As telework expands and invades the personal space, people will revolt and begin to place boundries. We are already seeing this trend to some extent amongst the digital elite who are beginning to appreciate ”unconnectedness.”
I agree, but I don’t like it. It’s hard enough carving out the hours for family time (leisure); you’re suggesting that everything will overlap. Everyone will have their own schedule, so I guess quality family time would be like scheduling a meeting with others that have busy schedules.
On this summer’s family vacation, I did work conference calls on my cell phone while my kids watched a video with headphones in the back of the van. You can call that a vacation, but it sure didn’t feel like one on some days.
You’ve got the causes wrong, but the outcome correct. The causes are wireless personal digital assistants such as Blackberry and the ‘net itself, not telework and home schooling, neither of which has really caught on.
There is a rise among Gen Xers to be home more with their kids. I think this will put increasing pressure on employers to allow telework and alternative schedules. If employers do not respond I think we will see continued growth in self-employment and home-based businesses.
Yes, it’s already the case. My daughter and I even send emails to each other while we are in the same house; she is wirelessly connected to her laptop and I am on a desktop computer. We like the asynchronous convenience of this we chose to answer or not, and have a brief exchange, remind each other of details, set up rides to events. I find myself losing touch with friends who do not have email.

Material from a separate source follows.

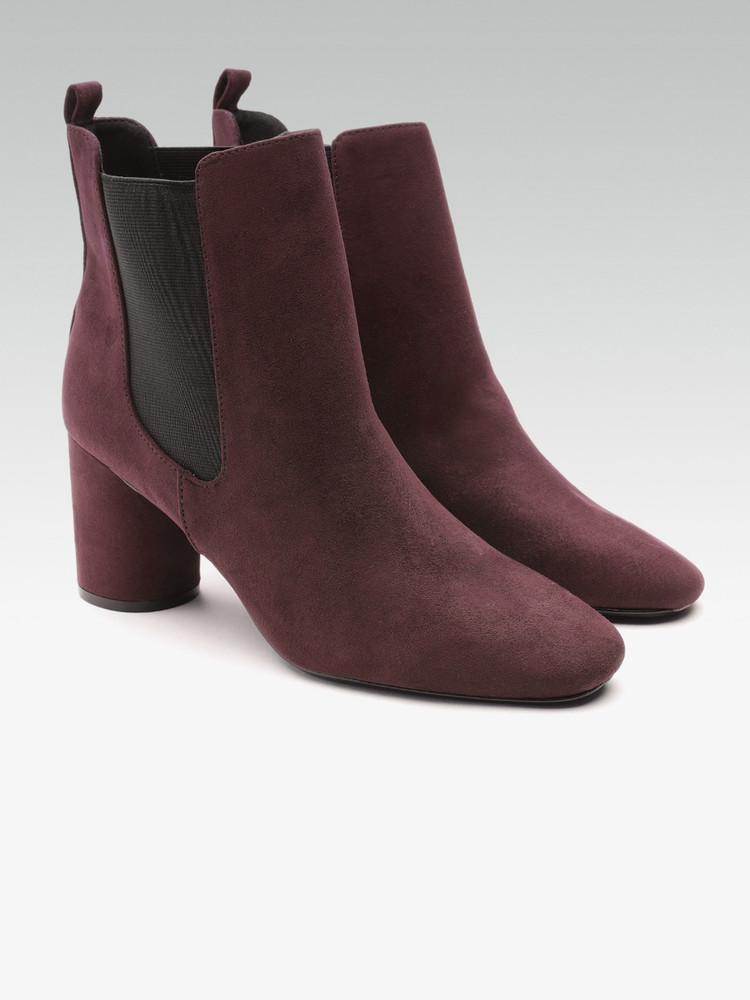 Dorothy perkins burgundy boots shop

I think this will happen sooner and in 10 years we already see a counter movement. People are fed up by working all the time, or being interrupted by work during leisure time, so will claim back the free time and divide between work and leisure. Of course there are always people that make work out of their hobby and think their work is their hobby.
The difference between work and leisure will continue to exist. Family dynamics are already altered for many given the pervasive use of the internet for chat, use of computers for games, and DVDs for movies. Working at home has been around for a while. The federal government says it wants more employees to work at home, but the reality is that the increase in productivity expected has not materialized. In private industry some sectors may increase work at home, but others will not and probably can not given the nature of their work – be it services or manufacturing.

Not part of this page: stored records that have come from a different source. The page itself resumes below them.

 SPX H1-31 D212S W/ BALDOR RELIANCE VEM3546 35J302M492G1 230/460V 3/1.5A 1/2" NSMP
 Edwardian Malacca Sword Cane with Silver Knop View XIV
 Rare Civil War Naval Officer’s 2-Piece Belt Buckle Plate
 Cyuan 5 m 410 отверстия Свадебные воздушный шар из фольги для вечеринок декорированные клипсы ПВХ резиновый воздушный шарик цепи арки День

I imagine that we will no longer ”clock in and clock out” of work. It will be easier for families to schedule around personal needs, but it will also be easier for work to insinuate itself at home.

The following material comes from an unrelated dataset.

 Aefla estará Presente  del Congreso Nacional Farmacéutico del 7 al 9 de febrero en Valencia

This is either a utopian, or an extraordinarily pessimistic prediction depending on how you choose to read it. While both telework and home-schooling are increasingly enabled by online tools, that doesn’t necessarily mean that there is huge pent-up demand by the broader society for either of these things. There are simply too many aspects of both work and school that require face-to-face contact. There are also special personal and interpersonal skills required to make either one of these things a success. It takes a special person to offer home-schooling to their child, or to work from home and maintain healthy relations with remote colleagues. The internet doesn’t change that. These things will grow, but likely at a modest rate for the foreseeable future.